Start of INPUT
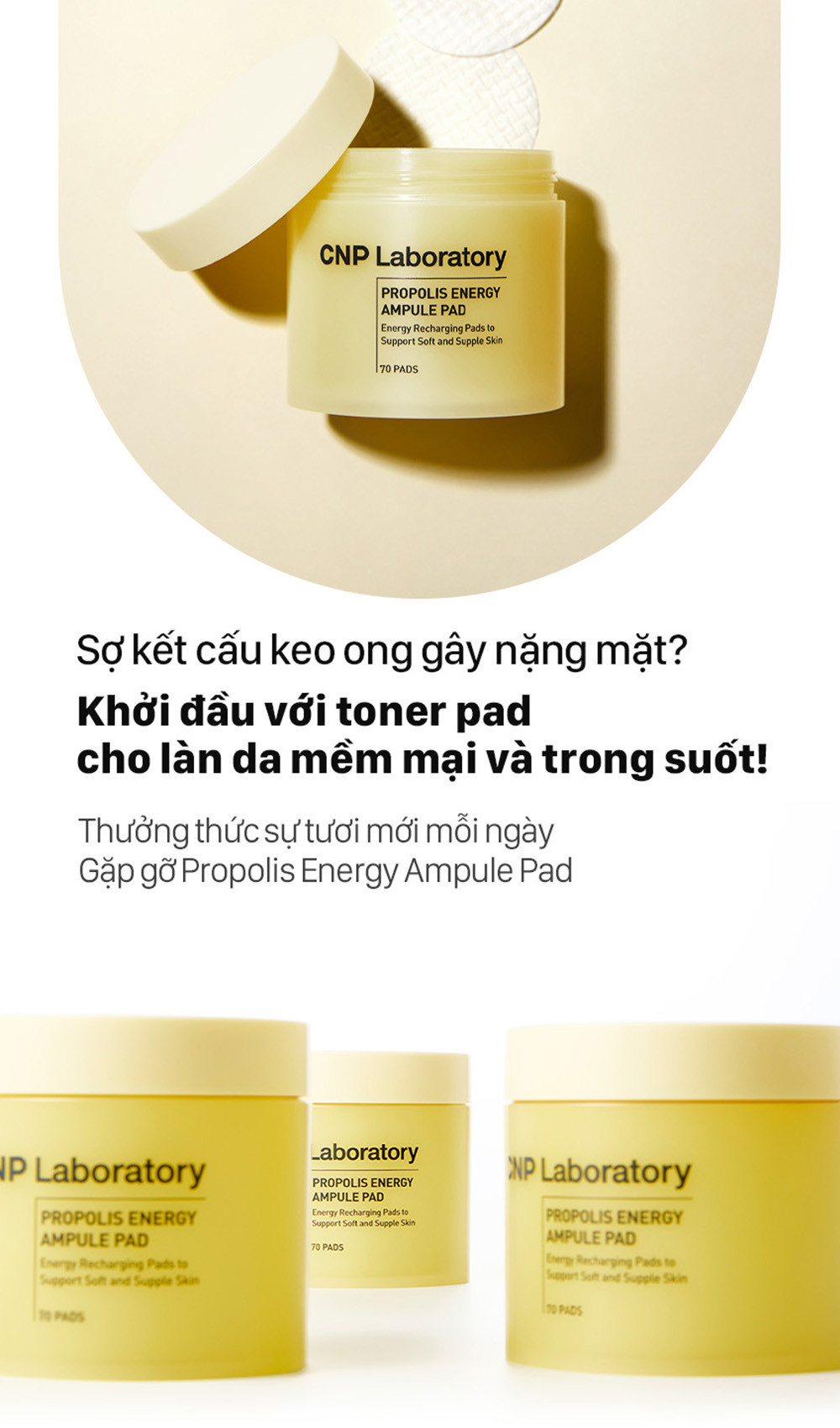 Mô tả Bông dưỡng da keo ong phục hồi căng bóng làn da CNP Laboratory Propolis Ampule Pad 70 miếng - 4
End of INPUT
Start of INPUT
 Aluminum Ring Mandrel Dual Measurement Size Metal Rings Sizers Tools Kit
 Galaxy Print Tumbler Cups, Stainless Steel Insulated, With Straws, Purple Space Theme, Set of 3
End of INPUT
Start of INPUT
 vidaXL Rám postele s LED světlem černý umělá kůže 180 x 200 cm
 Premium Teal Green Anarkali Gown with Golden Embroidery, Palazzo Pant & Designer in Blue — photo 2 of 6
End of INPUT
**BRIEF**
Out of the entries above, write out only the lines between the line holding "Aluminum Ring Mandrel" and the line holding "Galaxy Print Tumbler", inclusive, each exactly as given.

**RESULT FOR THIS EXERCISE**
 Aluminum Ring Mandrel Dual Measurement Size Metal Rings Sizers Tools Kit
 Galaxy Print Tumbler Cups, Stainless Steel Insulated, With Straws, Purple Space Theme, Set of 3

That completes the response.